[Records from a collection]
Start of Block

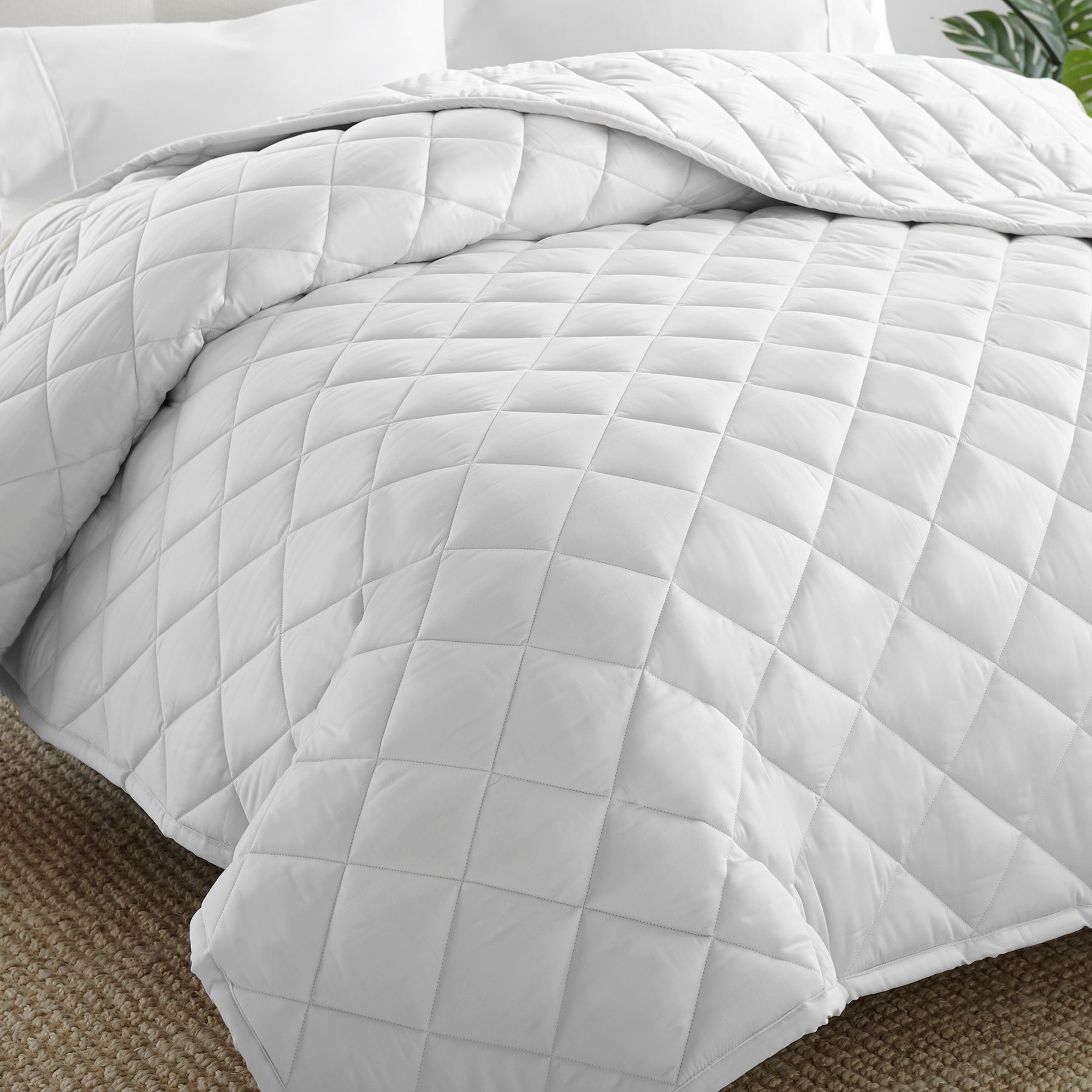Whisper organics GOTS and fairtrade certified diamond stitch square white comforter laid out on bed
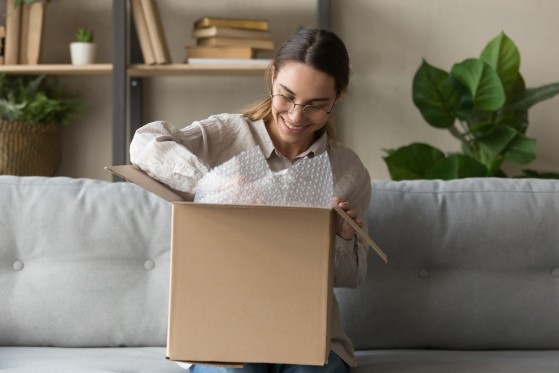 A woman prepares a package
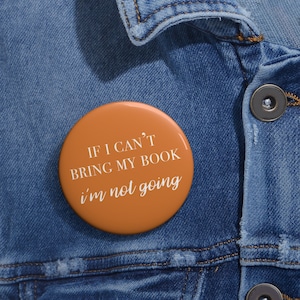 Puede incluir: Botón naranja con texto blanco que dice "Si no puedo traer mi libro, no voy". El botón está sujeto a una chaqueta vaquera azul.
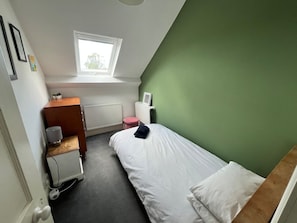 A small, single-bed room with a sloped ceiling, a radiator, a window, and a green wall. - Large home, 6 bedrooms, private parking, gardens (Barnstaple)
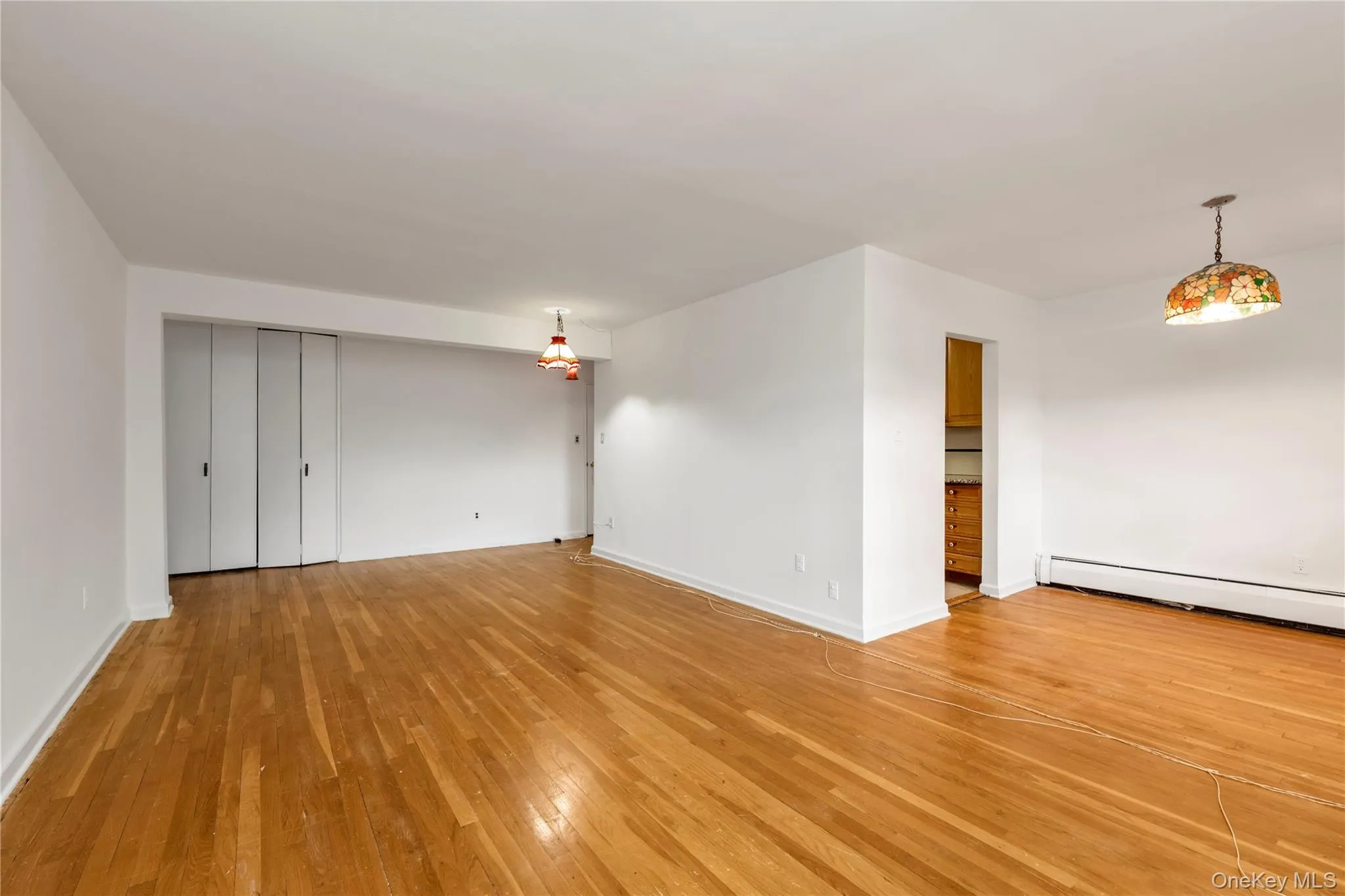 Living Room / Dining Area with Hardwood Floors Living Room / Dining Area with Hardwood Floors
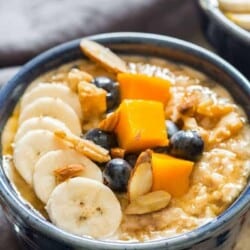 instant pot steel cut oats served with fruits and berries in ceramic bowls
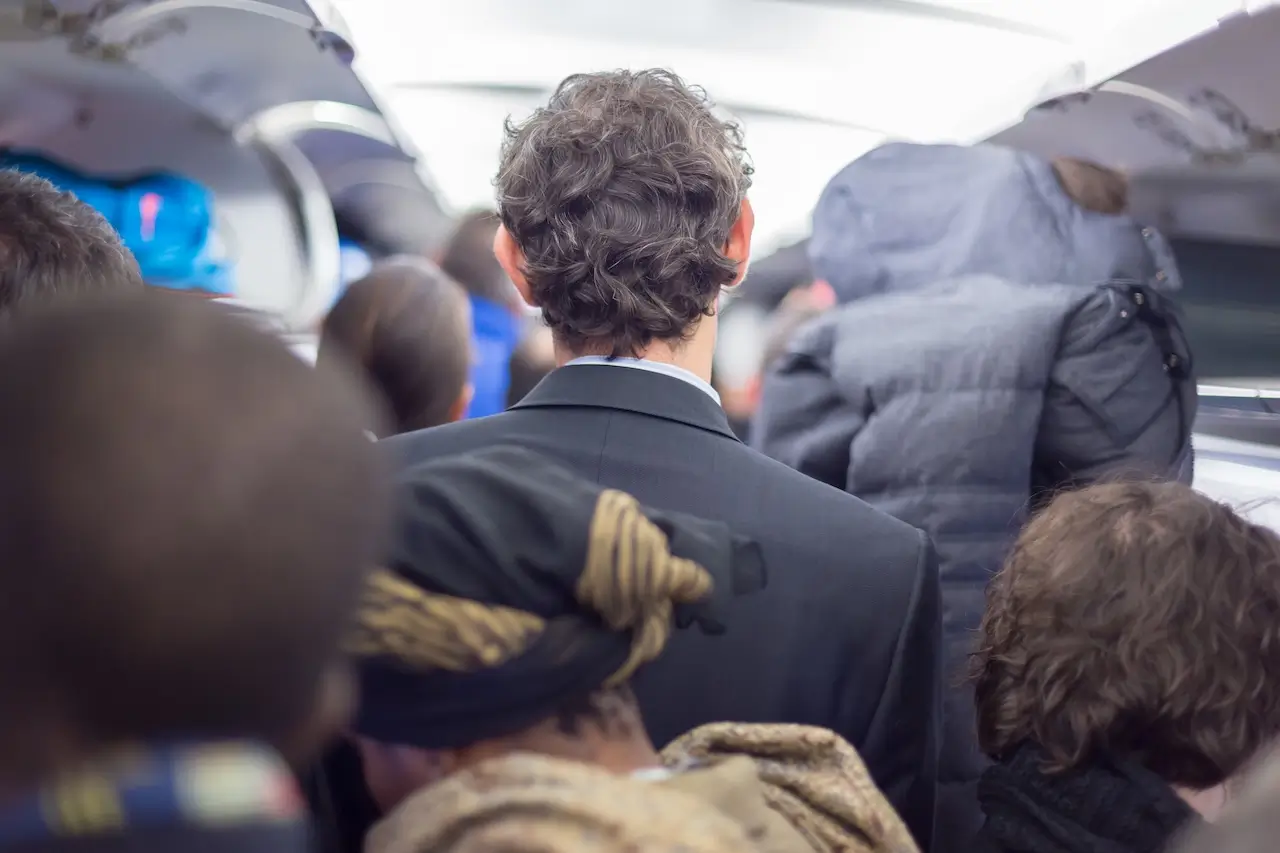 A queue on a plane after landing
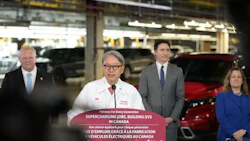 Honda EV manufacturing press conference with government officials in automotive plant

End of Block

PROBLEM TO WORK ON: All of the entries must be reproduced exactly, with no pictures kept.

SOLUTION:
Whisper organics GOTS and fairtrade certified diamond stitch square white comforter laid out on bed
 A woman prepares a package
 Puede incluir: Botón naranja con texto blanco que dice "Si no puedo traer mi libro, no voy". El botón está sujeto a una chaqueta vaquera azul.
 A small, single-bed room with a sloped ceiling, a radiator, a window, and a green wall. - Large home, 6 bedrooms, private parking, gardens (Barnstaple)
 Living Room / Dining Area with Hardwood Floors Living Room / Dining Area with Hardwood Floors
 instant pot steel cut oats served with fruits and berries in ceramic bowls
 A queue on a plane after landing
 Honda EV manufacturing press conference with government officials in automotive plant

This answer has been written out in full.